Hempel's oil paintings fill the back spaces at Robischon and provide a thoroughly different perspective. Born in El Monte, California, in 1953, Hempel trained to be a writer and poet at California State University at Northridge and at the University of Colorado at Boulder. He turned to painting only after reaching his thirties. Though self-taught, he quickly became accomplished and is today one of the most technically facile painters around. In fact, it's no stretch to say that Hempel paints like his mentors--the old masters.
But in contrast to his technical peers in the realm of contemporary traditional painting, Hempel is no antiquarian. He gives his landscapes a surrealist twist, often through the use of unlikely compositions. In many of the paintings at Robischon, for instance, figures turn away from the viewer. "The Children's Secret," an impressive oil on panel, shows three little boys in old-fashioned dress standing on a rock outcropping. We see them only from the rear, because they're looking away from us at the ominous gray sky that provides the painting's background.

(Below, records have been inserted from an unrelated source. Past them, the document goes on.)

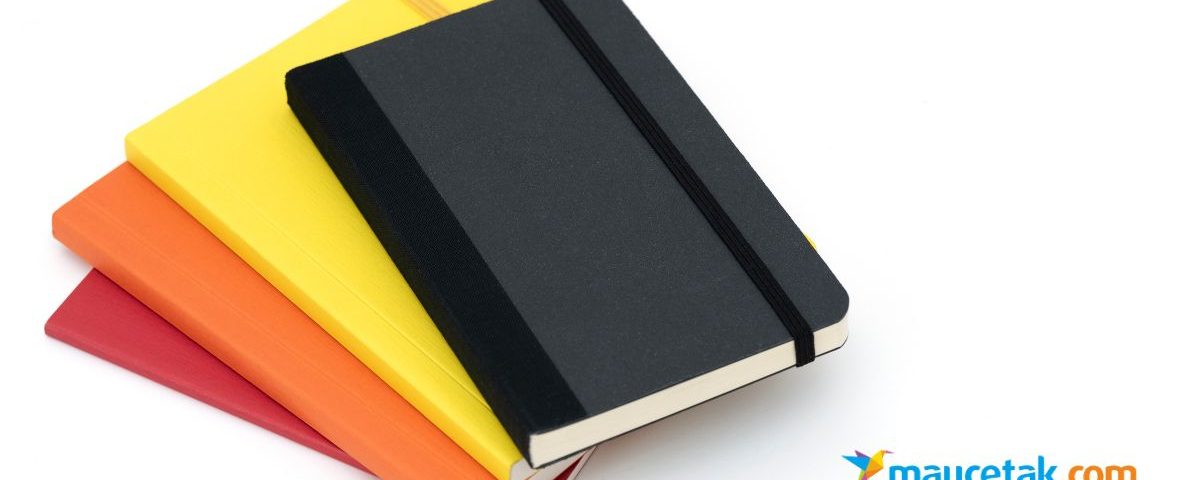 Buku Agenda Custom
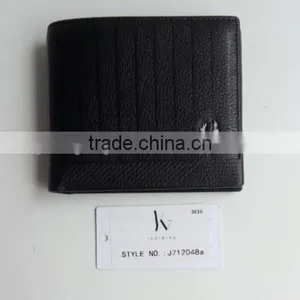 2017 New Arrived Brand Men Wallet Jeoiging Wallet J712048a thumbnail-1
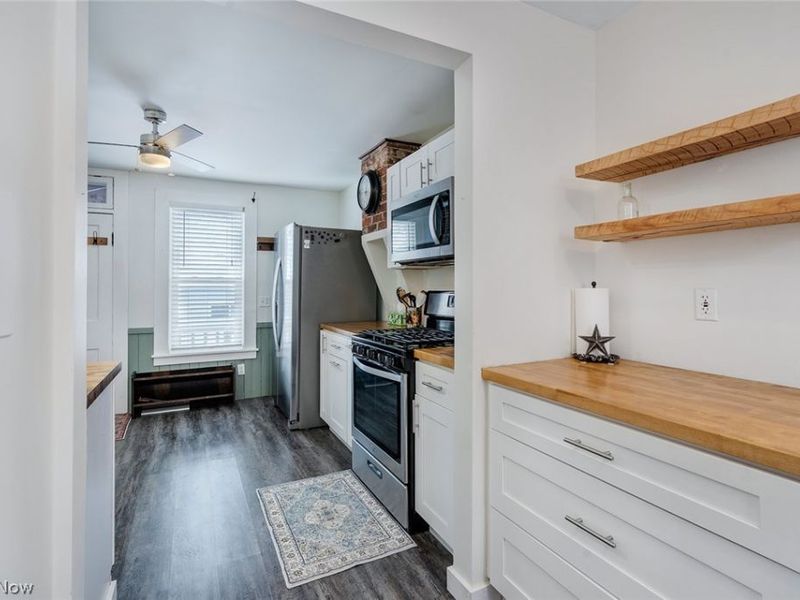 11743 Peckham Avenue, Hiram, OH 44234 Photo 6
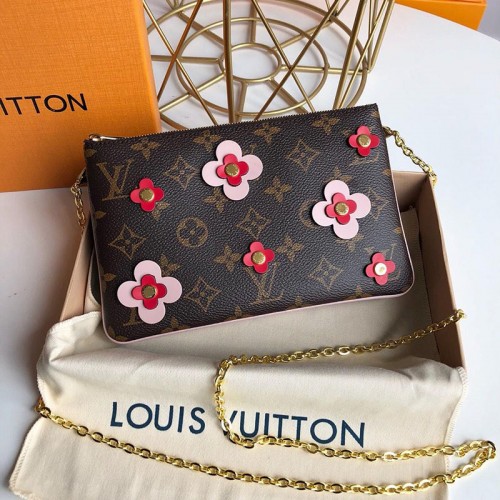 FASH LOUIS VUITTON Bags 19B570206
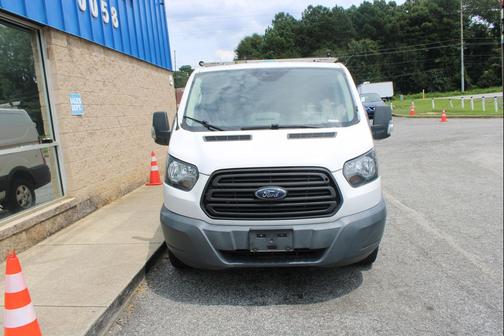 2018 Ford Transit-250 Base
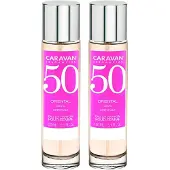 Caravan Nº50 150ml Parfym 2 Enheter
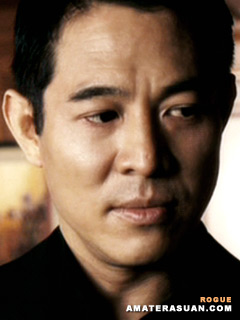 Jet Li
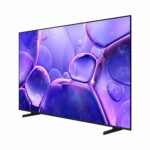 Samsung UE85U8000FUXCE 85 инч Crystal UHD ухаалаг зурагт /2025/ - Image 2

"The Long Walk Back" also features a figure who turns his back on us: a man in a suit, dwarfed by a verdant landscape and a gorgeous, cloud-filled sky and walking a tightrope. The easel-sized "Study for Restoration Story" clearly expresses the differences between the work of Hempel and his partner Balas. We recognize the figure whose back is to us--it's Balas's Delta. But Hempel's idiosyncratic approach leaves poor Delta more enigmatic than erotic.
Of course, enigma is the lingua franca of surrealism, a powerful dose of which pervades Hempel's portion of the show. What, for example, are we to make of "The Gift of Time," an important-looking oil that shows a man with a house where his head should be, conversing with Hempel's old friend, artist John Wilson? Equally cryptic, despite a written explanation from Hempel, is "The Marriage of History and Fiction," the painting from which the exhibit takes its name. In the center of the picture is a flat boat on a river. Sitting in the middle of the boat is a formally dressed woman whom Hempel identifies as Lady Jane Grey as painted by the nineteenth-century French artist Paul Delaroche. Standing next to her is Huck Finn, allegedly derived from a nineteenth-century painting by Johann Friedrich Overbeck--though, judging from Balas's photo album, surely also inspired by one of the Greek lettermen.
Perhaps it's not so astounding that Balas and Hempel have set out in different artistic directions despite their close personal and professional associations. But the fact that neither artist in The Marriage of History and Fiction suffers in comparison to the other? Now, that's a surprise.